## PROBLEM TO WORK ON
Starting at the line below holding "Triscan 8140 21208" and stopping at the line holding "Netflix’s Teen Comedy", print every line exactly, both ends included, and leave the rest out.

## EXERCISE INPUTS
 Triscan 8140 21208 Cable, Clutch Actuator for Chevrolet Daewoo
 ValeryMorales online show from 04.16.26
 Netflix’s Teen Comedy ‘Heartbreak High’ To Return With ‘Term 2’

---

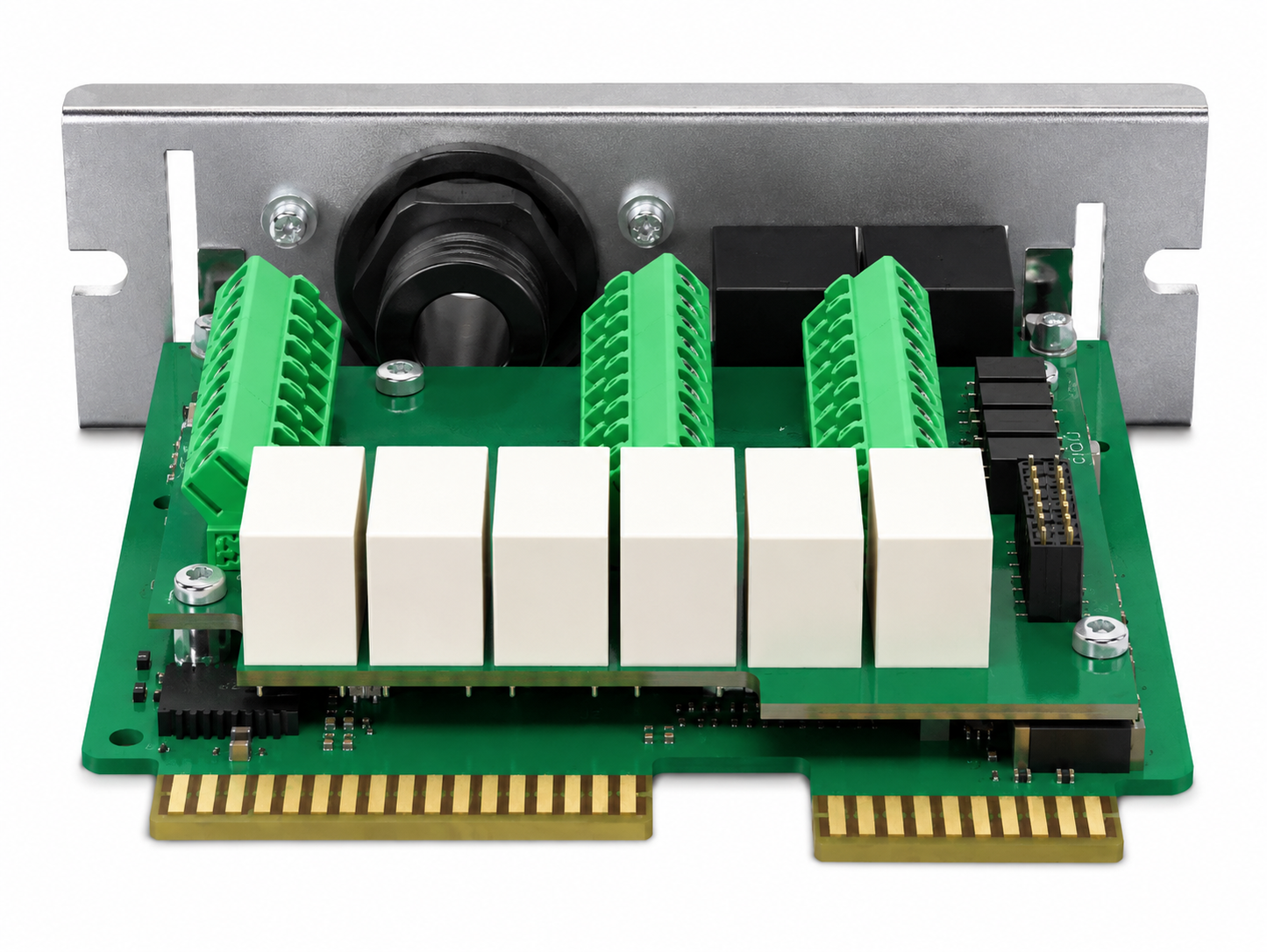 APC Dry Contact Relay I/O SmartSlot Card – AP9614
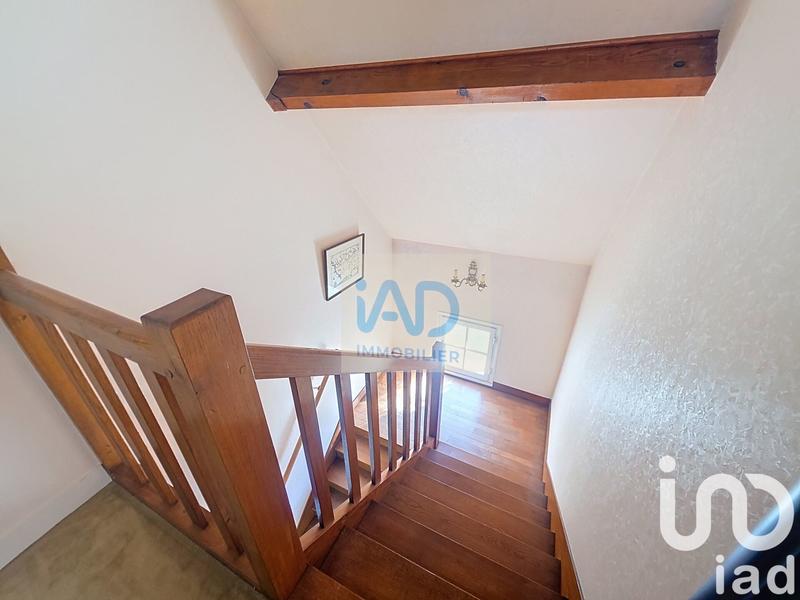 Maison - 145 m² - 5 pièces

## WRITTEN ANSWER
 Triscan 8140 21208 Cable, Clutch Actuator for Chevrolet Daewoo
 ValeryMorales online show from 04.16.26
 Netflix’s Teen Comedy ‘Heartbreak High’ To Return With ‘Term 2’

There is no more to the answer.